Something else to remember: some pastors are virtual prisoners in their own parishes, powerless to change things without the support of the chancery.
I know a priest who was made pastor of a parish where Manischewitz was being used as the altar wine — totally invalid.
When he changed it, the people in the pews squawked, and he couldn’t’ get support from his bishop on making the changes for sacramental reasons.
I can’t help but think that since the people who fight orthodoxy lodge loud complaints, having support on file for positive changes has to help, especially in dioceses where the bishop is intensely political and wants to gauge public opinion.
My wager would be that the squawkers were few but included people who had a regular conduit to the chancery. Correct me if I’m in error.
The thing is, there are people the chancery rats are inclined to listen to, and there are people they are not. Just about anyone reading your words would be coded ‘not’.

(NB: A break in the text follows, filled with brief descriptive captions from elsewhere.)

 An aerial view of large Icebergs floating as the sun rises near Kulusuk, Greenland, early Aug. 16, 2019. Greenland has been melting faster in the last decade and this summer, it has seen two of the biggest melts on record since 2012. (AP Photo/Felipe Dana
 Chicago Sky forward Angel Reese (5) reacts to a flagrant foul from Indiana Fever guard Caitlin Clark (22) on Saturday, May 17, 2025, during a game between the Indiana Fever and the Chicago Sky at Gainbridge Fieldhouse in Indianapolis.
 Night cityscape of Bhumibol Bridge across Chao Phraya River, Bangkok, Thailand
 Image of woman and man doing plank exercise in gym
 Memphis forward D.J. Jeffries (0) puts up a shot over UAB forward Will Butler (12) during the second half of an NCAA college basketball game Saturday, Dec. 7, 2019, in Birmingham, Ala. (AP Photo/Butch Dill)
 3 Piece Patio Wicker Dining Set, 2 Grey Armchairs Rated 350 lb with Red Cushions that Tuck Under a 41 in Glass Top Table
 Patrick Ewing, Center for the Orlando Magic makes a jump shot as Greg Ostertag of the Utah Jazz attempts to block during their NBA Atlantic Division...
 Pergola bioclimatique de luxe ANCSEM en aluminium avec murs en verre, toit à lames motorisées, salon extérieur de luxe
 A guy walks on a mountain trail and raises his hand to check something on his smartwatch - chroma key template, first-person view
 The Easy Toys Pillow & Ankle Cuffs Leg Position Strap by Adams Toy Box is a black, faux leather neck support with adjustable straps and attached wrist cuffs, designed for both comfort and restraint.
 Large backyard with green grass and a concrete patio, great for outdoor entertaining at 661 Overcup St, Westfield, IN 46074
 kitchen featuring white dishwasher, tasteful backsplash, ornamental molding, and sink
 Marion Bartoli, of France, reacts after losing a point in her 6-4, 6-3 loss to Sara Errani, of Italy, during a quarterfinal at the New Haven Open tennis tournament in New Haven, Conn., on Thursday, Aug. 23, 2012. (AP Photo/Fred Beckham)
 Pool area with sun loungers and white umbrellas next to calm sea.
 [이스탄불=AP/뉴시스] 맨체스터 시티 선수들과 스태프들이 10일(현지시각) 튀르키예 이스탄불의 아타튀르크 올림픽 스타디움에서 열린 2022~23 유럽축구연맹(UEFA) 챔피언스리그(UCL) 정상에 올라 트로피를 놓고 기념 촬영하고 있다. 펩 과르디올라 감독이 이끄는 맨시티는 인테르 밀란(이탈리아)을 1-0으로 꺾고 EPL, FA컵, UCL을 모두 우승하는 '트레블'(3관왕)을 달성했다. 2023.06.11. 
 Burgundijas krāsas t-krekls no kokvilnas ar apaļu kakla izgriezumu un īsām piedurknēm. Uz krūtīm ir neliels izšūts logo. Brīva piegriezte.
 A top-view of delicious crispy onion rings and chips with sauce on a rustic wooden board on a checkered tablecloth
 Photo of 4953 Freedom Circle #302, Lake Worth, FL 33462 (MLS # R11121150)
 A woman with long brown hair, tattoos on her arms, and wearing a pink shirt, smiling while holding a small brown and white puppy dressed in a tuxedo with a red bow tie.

It’s amazing just who gets posts in the chancery. I recall an incident from about 10 years ago when some out-of-area laymen discovered from news reports a priest in the Archdiocese of San Francisco had marched in some sort of parade sponsored by social and political organizations of the expected type. They contact the p.r. officer for the Archdiocese via e-mail, someone you might expect to have been hired for his tact, concision, and rhetorical talents, no? The twerp’s responses were variously defensive, snotty, and stupid, and, of course, ended up all over a particular subfraction of da intertubez. Even had you agreed with this bureaucratic microbe on the substantive point, you’d have fired him for incompetence unless it was your view that this is how complaints of this sort should be handled as the institution is better off without the complainers. You cannot leave, of course. You can, however, see to it that the chancery never sees one brass farthing from you.
I agree with Lorra. There is nothing, nothing that works more than the threat or reality of pulled funding.
Is a letter necessary so that the pastor and/or bishop is either made aware of the issue or that the pastor/bishop needs schooling on how to proceed?
No matter in what manner the letter is meant, it will not be received well. It may serve to make us feel as if we are doing right according to our conscience, but the paradigm of useful letter writing shifted a long time ago.
You will even find some parish officials (whether ordained or not) encouraging letter writing because it quiets the faithful and keeps the issues from getting too much attention. Letter writers feel they have done something constructive. If the letter gets a response, it is invariably of the polite brush off variety. While engaged in a several-year-long battle with my former parish, letters made zero difference, regardless of who wrote them or to which parish/diocesan official they were sent.
I’m afraid we are dealing with a “pearls before swine” situation. Many modernist clergy/lay leaders have what is termed a ‘seared’ conscience, and have lost the ability to discern what is true and right from what is false and wrong. They are also confirmed in their errors by the insular nature of parish/diocesan power structures.
What does work is two things: 1) stop supporting a parish that is involved in chronic abuses, and 2) use forums that are outside parish/diocese control to publicize the issues.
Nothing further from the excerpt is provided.